A top NATO general says the transfer of security responsibility to Afghan troops hinges on whether more alliance trainers are made available to bolster local security forces.
U.S. Lieutenant General William Caldwell urged NATO allies in Brussels Tuesday to provide 1,000 additional specialized trainers to build up Afghan forces by next year, so that Western troops can begin to withdraw from the country.
Caldwell also said the Afghan police and army need 133,000 more recruits to increase domestic security forces to more than 300,000 - another condition that could affect international troops' departure.
Casualties and low re-enlistment rates for the army and police have been problems for the Afghan government.
Separately, Afghan police report that a suicide bomber killed the deputy governor of eastern Ghazni province.
The blast that killed Mohammad Kazim Allahyar Tuesday also killed his adult son, his nephew, a guard and two civilians who were nearby at the time.
Police say a bomber riding a motorized rickshaw drove into the deputy governor's vehicle as it traveled toward Allahyar's office in Ghazni city.
In an emotional speech in Kabul, President Hamid Karzai decried such violence and said he worries it will force young Afghans to leave the country. He broke into tears at one point and said he does not want his son, Mirwais, to become a foreigner.
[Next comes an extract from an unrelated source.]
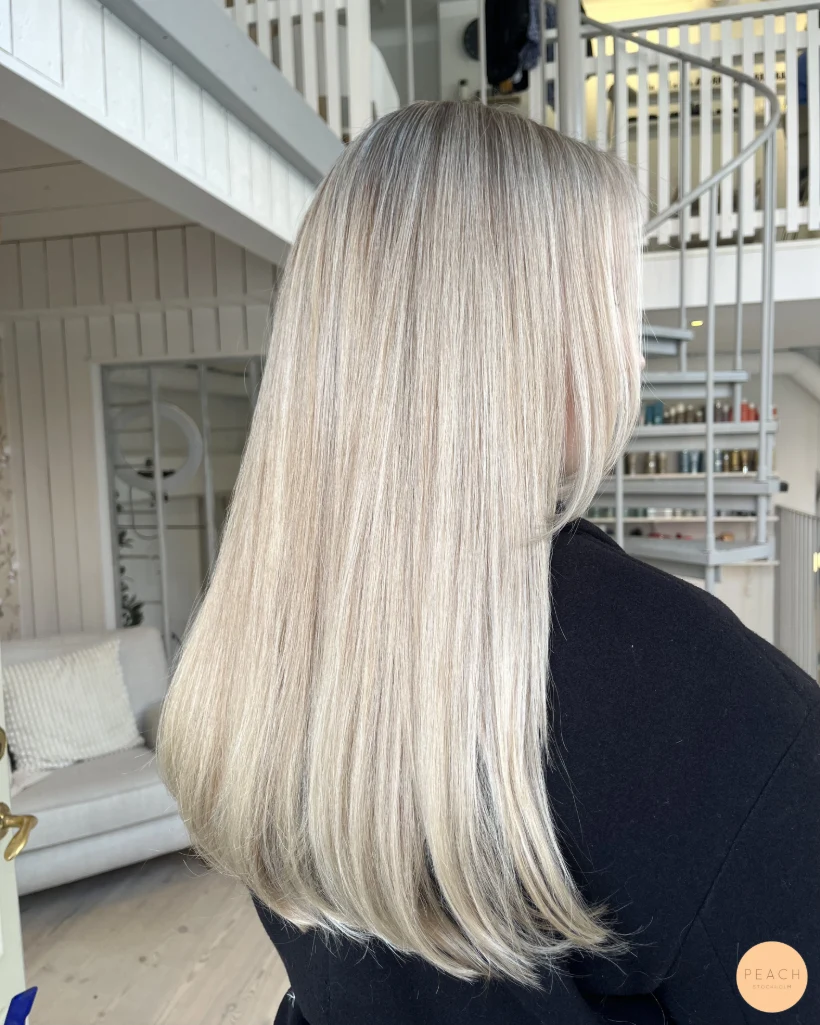 Light blonde hair med ljusa slingor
The speech was about education in Afghanistan. Mr. Karzai said children cannot go to school because of the threat of bombs and suicide attacks.
The president's office said Tuesday that Afghan officials are investigating reports of civilian deaths during a NATO operation in the eastern province of Laghman.
NATO said it killed 30 enemy fighters in Laghman on Saturday during a battle with more than 250 militants - both Afghan nationals and foreigners. The coalition reported at the time that there were no known civilian casualties.
On Monday, NATO said it was probing the killing of an Afghan civilian by a coalition service member in Laghman the day before, but it gave no details.
Civilian casualties resulting from NATO operations have been a major source of tension between the Afghan government and members of the alliance.
Some information for this report was provided by AP and Reuters.